GOAL OF THE EXERCISE: Repeat the span of the entries below that starts at the line with "I don't know" and ends at the line with "Is this the", nothing more. Skip the pictures.

MATERIAL SUPPLIED:
↓
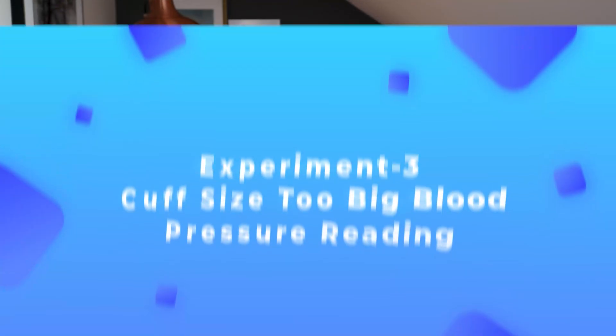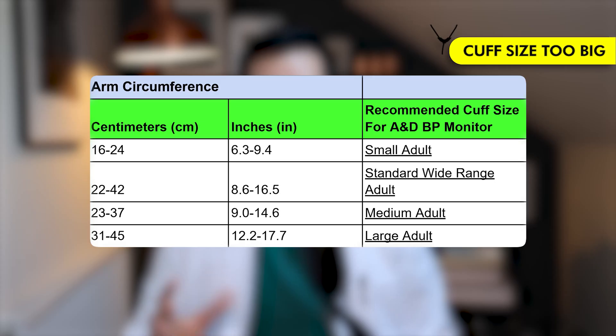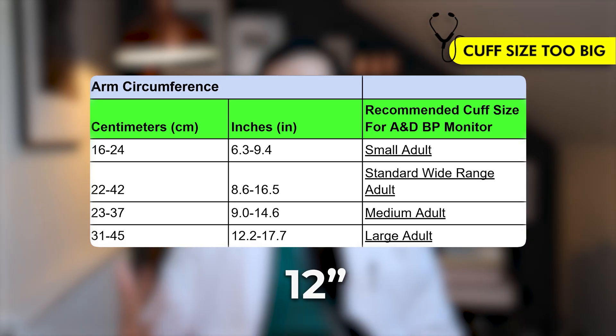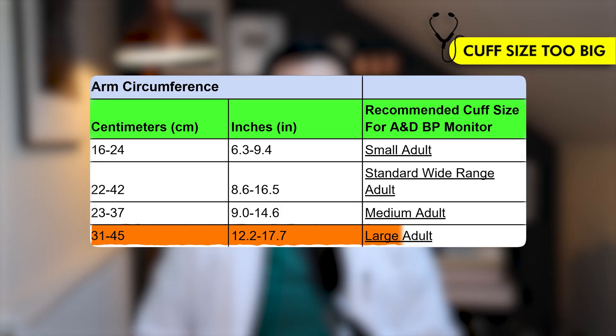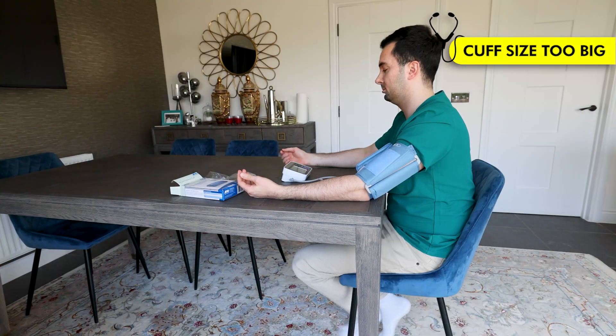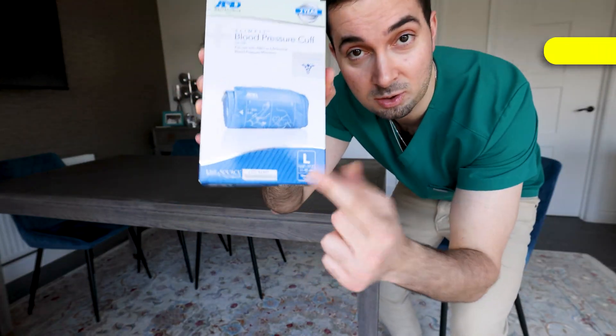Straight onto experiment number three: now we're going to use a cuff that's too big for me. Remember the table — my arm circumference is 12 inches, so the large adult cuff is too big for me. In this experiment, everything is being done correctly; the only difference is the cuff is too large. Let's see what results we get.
↑
↓
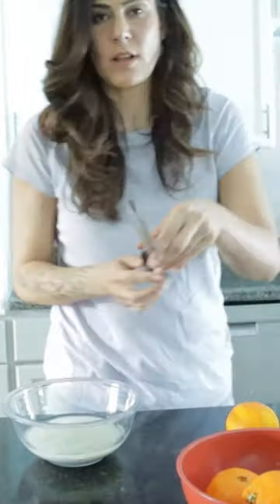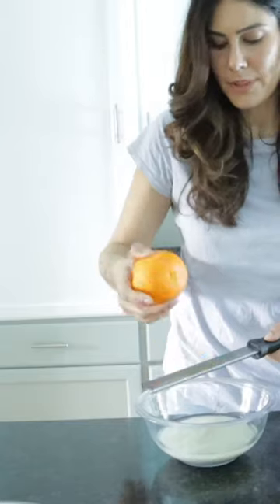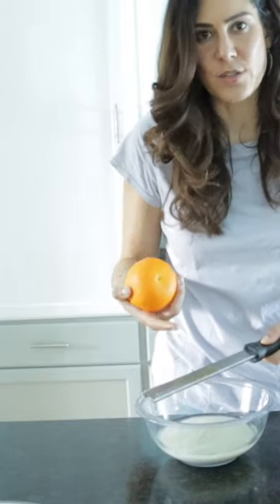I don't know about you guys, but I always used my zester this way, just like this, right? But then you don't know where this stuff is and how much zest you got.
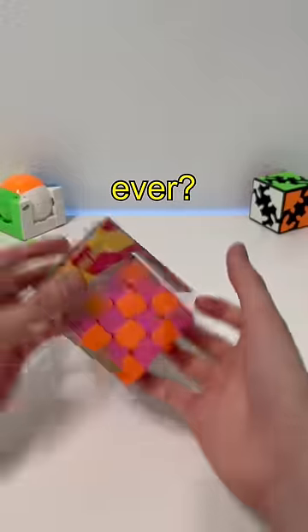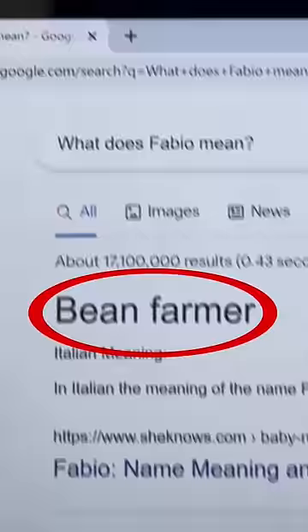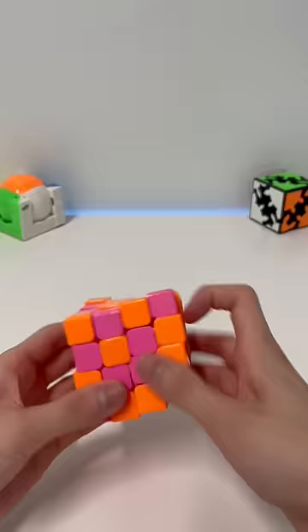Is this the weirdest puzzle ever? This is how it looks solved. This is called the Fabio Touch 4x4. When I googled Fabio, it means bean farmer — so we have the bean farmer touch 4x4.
↑
ANSWER SPACE:
I don't know about you guys, but I always used my zester this way, just like this, right? But then you don't know where this stuff is and how much zest you got.
Is this the weirdest puzzle ever? This is how it looks solved. This is called the Fabio Touch 4x4. When I googled Fabio, it means bean farmer — so we have the bean farmer touch 4x4.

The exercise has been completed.